» INSTRUCTIONS TO FOLLOW
The line containing "Image de BERDSEN" marks the start; please restate exactly that line and only the lines following it through the end of the material below.

» INPUT
====
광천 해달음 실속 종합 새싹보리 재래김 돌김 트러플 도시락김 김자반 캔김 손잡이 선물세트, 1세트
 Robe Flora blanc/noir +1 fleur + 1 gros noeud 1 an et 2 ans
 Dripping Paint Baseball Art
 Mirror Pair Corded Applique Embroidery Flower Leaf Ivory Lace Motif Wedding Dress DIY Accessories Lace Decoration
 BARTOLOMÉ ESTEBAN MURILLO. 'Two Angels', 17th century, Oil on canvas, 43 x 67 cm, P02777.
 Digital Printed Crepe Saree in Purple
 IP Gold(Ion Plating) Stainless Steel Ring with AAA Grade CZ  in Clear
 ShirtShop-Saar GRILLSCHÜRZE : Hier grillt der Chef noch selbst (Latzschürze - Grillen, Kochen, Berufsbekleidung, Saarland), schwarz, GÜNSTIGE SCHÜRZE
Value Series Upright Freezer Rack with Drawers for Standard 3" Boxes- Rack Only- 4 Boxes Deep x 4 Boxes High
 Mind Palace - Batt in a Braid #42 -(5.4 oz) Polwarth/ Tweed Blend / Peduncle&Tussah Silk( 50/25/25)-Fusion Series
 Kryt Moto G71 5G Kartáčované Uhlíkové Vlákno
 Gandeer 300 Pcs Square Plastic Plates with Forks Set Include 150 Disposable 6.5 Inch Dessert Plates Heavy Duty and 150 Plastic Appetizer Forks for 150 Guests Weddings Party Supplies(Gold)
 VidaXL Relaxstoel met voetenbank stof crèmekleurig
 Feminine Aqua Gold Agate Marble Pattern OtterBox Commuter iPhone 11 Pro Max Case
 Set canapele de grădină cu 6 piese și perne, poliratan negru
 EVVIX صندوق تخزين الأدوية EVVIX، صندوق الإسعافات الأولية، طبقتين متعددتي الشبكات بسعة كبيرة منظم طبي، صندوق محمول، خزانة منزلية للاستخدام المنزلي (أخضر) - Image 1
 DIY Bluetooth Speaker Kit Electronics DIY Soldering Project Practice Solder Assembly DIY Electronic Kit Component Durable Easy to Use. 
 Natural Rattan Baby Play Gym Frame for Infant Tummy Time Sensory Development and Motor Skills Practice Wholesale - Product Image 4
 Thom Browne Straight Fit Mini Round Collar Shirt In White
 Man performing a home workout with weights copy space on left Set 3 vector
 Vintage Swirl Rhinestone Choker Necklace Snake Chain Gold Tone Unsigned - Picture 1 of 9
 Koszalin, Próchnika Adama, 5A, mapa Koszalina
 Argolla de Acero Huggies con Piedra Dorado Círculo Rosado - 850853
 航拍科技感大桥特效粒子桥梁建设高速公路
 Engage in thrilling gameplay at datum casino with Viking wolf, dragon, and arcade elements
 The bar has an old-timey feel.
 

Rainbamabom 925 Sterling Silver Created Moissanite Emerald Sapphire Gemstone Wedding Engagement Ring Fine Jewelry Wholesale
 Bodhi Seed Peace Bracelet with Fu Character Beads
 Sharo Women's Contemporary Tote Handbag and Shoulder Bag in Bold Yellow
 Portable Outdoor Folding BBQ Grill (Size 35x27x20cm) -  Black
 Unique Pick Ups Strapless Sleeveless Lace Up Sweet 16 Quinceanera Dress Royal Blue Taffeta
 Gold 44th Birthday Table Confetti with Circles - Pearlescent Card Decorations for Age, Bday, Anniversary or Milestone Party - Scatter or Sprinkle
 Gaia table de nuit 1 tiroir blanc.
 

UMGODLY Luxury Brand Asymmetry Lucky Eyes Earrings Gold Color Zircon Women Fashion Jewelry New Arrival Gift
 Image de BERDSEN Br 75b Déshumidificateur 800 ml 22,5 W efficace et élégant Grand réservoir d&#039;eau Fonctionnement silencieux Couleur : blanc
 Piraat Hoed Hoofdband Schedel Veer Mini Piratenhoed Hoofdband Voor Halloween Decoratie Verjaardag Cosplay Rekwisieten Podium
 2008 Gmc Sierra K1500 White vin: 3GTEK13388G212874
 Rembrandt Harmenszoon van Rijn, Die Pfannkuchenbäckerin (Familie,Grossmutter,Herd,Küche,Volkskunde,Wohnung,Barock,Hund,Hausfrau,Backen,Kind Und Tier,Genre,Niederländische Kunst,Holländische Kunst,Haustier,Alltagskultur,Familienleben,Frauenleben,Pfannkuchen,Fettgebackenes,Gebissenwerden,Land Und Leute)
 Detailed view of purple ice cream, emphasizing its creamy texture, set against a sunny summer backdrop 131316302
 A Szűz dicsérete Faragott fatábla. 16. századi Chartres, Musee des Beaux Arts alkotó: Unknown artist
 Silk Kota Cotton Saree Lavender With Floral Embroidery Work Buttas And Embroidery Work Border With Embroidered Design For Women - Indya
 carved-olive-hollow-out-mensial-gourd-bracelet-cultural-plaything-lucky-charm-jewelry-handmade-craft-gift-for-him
====
» YOUR RESPONSE
 Image de BERDSEN Br 75b Déshumidificateur 800 ml 22,5 W efficace et élégant Grand réservoir d&#039;eau Fonctionnement silencieux Couleur : blanc
 Piraat Hoed Hoofdband Schedel Veer Mini Piratenhoed Hoofdband Voor Halloween Decoratie Verjaardag Cosplay Rekwisieten Podium
 2008 Gmc Sierra K1500 White vin: 3GTEK13388G212874
 Rembrandt Harmenszoon van Rijn, Die Pfannkuchenbäckerin (Familie,Grossmutter,Herd,Küche,Volkskunde,Wohnung,Barock,Hund,Hausfrau,Backen,Kind Und Tier,Genre,Niederländische Kunst,Holländische Kunst,Haustier,Alltagskultur,Familienleben,Frauenleben,Pfannkuchen,Fettgebackenes,Gebissenwerden,Land Und Leute)
 Detailed view of purple ice cream, emphasizing its creamy texture, set against a sunny summer backdrop 131316302
 A Szűz dicsérete Faragott fatábla. 16. századi Chartres, Musee des Beaux Arts alkotó: Unknown artist
 Silk Kota Cotton Saree Lavender With Floral Embroidery Work Buttas And Embroidery Work Border With Embroidered Design For Women - Indya
 carved-olive-hollow-out-mensial-gourd-bracelet-cultural-plaything-lucky-charm-jewelry-handmade-craft-gift-for-him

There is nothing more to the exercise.